> [INPUT DATA]
↓↓↓
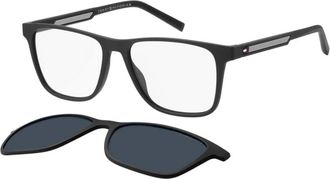 Tommy Hilfiger Optisch Montuur met Clip-on - Heren - Brillen - Grijs - 55 MM - Accessoires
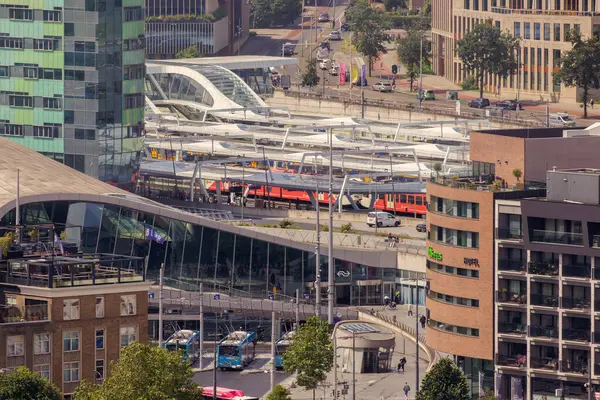 stock image Arnhem, The Netherlands - June 11, 2024: View at the central train station with offices in the city center of Arnhem, The Netherlands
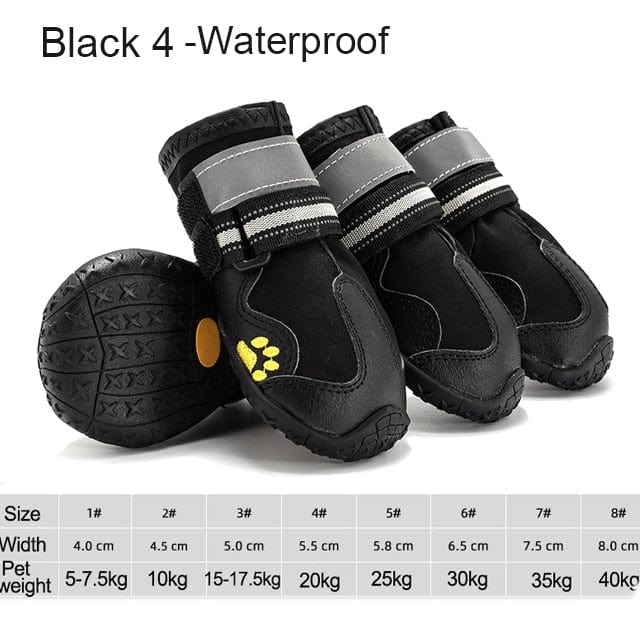 GeckoCustom 4pcs/set Pet Dog Shoes Reflective Waterproof Dog Boots Warm Snow Rain Pets Booties Anti-slip Socks Footwear For Medium Large Dog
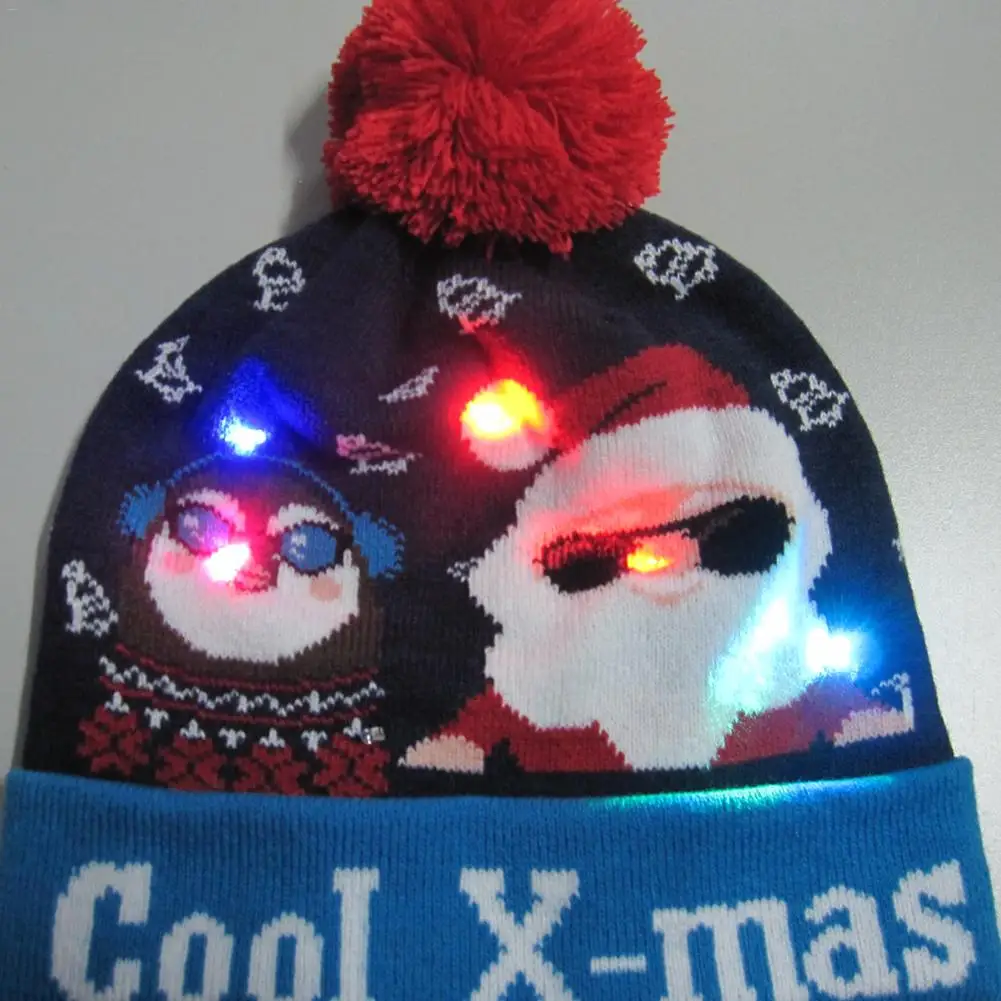 Рождественская шапка светодиодный с изображением Санта Клауса лося снеговика и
↑↑↑
> [YOUR ASSIGNMENT] Your task is to repeat exactly the lines from the one containing "stock image Arnhem, The" through the end of the material, both included, and only those, without pictures.

> [YOUR RESPONSE]
 stock image Arnhem, The Netherlands - June 11, 2024: View at the central train station with offices in the city center of Arnhem, The Netherlands
 GeckoCustom 4pcs/set Pet Dog Shoes Reflective Waterproof Dog Boots Warm Snow Rain Pets Booties Anti-slip Socks Footwear For Medium Large Dog
 Рождественская шапка светодиодный с изображением Санта Клауса лося снеговика и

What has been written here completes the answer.